When cyclists are their worst enemy

Now dont get me wrong… I am a cyclist and I love cycling.

However in my part of the world their is a small knot of riders who appear to be above saying hello to others and look down on motorists.

Surely we should be working to share the roads not have one vehicle or other have any level of supremacy?

Over the weekend I saw a couple of large groups whilst I was out riding alone. On a narrow single track lane a mini peloton coming the other way made no effort to avoid their spread over the road leaving me with the choice of a less than 2 metre gap or a ditch.

They offered no wave of acknowledgement either. They were in the zone and racing.

The following day whilst out on an essential car journey I came up behind a group of three riders on a similarly narrow lane. There was already a car behind them and another two joined the tail behind me.
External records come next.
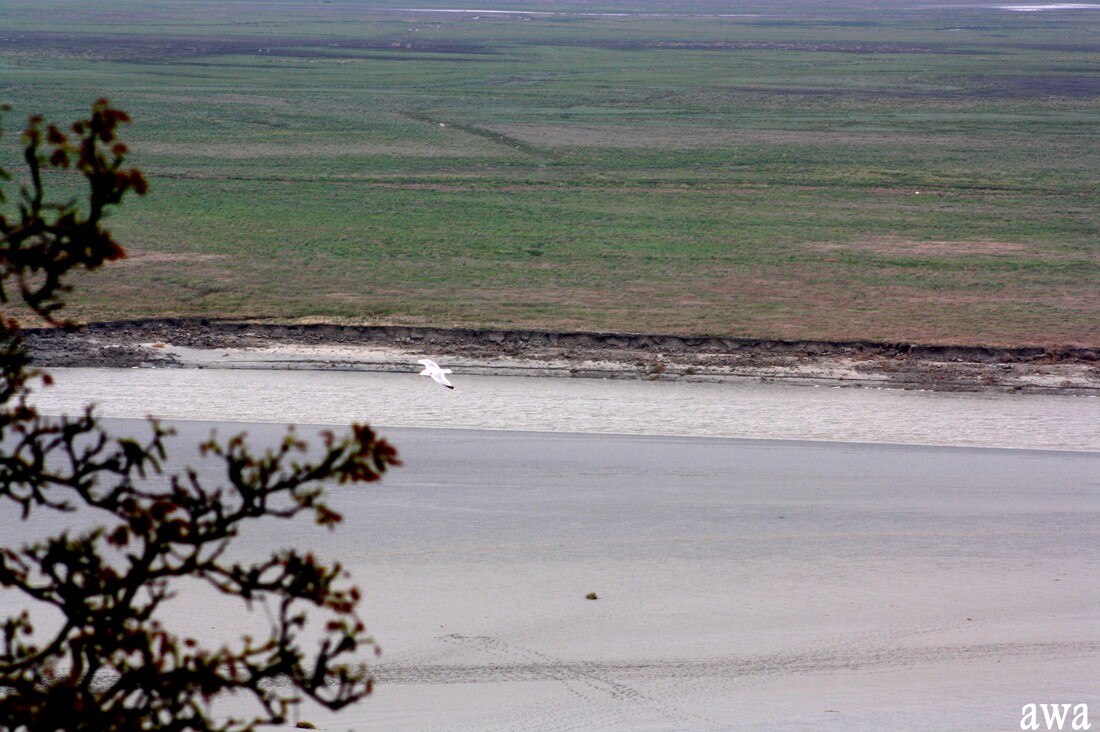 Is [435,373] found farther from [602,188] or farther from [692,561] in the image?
[602,188]

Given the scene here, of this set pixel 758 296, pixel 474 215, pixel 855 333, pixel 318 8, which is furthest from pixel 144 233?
pixel 318 8

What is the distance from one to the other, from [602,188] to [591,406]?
43.2 feet

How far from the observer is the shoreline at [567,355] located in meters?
14.0

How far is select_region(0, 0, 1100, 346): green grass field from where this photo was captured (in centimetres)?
1689

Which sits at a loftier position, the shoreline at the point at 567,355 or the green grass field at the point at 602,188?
the green grass field at the point at 602,188

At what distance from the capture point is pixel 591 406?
13.0 m

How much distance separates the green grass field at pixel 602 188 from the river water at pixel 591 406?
2043mm

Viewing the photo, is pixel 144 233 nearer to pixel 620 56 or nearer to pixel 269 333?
pixel 269 333

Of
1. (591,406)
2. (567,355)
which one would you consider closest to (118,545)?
(591,406)

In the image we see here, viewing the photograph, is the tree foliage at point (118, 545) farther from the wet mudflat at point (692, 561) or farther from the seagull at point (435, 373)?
the seagull at point (435, 373)

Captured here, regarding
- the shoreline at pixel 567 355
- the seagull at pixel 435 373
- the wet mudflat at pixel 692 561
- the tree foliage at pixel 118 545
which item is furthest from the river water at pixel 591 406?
the tree foliage at pixel 118 545

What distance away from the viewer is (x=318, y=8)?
9794cm

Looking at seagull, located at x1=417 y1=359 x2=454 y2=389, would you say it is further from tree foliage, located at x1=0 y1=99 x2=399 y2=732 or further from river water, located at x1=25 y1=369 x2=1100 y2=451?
tree foliage, located at x1=0 y1=99 x2=399 y2=732

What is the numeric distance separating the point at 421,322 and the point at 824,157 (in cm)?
1671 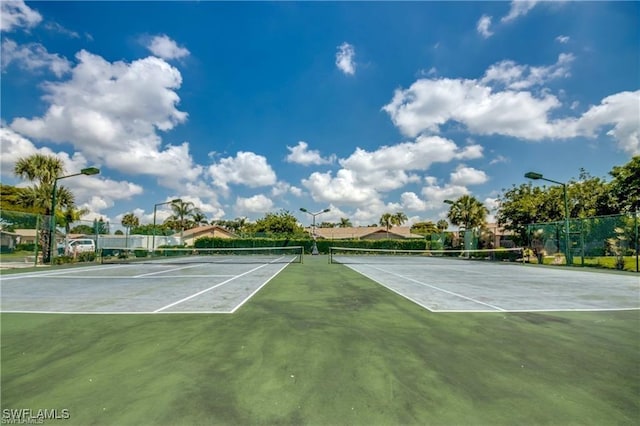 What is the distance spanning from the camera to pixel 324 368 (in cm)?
389

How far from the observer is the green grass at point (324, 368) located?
9.61 feet

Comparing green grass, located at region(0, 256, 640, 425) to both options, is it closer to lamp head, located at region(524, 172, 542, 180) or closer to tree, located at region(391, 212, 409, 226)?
lamp head, located at region(524, 172, 542, 180)

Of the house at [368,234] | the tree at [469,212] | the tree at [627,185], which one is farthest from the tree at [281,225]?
the tree at [627,185]

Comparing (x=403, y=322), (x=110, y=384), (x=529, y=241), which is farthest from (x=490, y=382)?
(x=529, y=241)

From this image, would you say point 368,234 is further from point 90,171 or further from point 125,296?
point 125,296

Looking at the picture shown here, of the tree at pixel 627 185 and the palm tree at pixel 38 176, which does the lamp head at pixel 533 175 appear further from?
the palm tree at pixel 38 176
No-one could get by for almost a mile despite the cyclists looking back and seeing the gaggle of motorists behind them.

And whilst I accept and understand that there is no obligation for the riders to slow up or single up to let the cars through, it would be courteous and show that we understand that the roads are shared spaces.

I do accept that there are some terrible motorists out there, I get my right elbow hair shaved off by wing mirrors regularly, but maybe its time for us to admit that there are some terrible cyclists as well?

Reading some social media and forums it seems that there is a war to be fought on the roads. A war where middle aged males in Rapha kit riding expensive Specialized bikes feel the need to express their right to ride.

It doesn’t need to be like that. We are all just trying to get somewhere.

So why don’t you try letting a motorist pass you on a narrow road if you can. They might acknowledge it with a wave, they might not. But you will have avoided raising their blood pressure so they might considerate to a horse or pedestrian at the next junction.

Pay it forward, it feels good and might diffuse a bit of this perceived tension.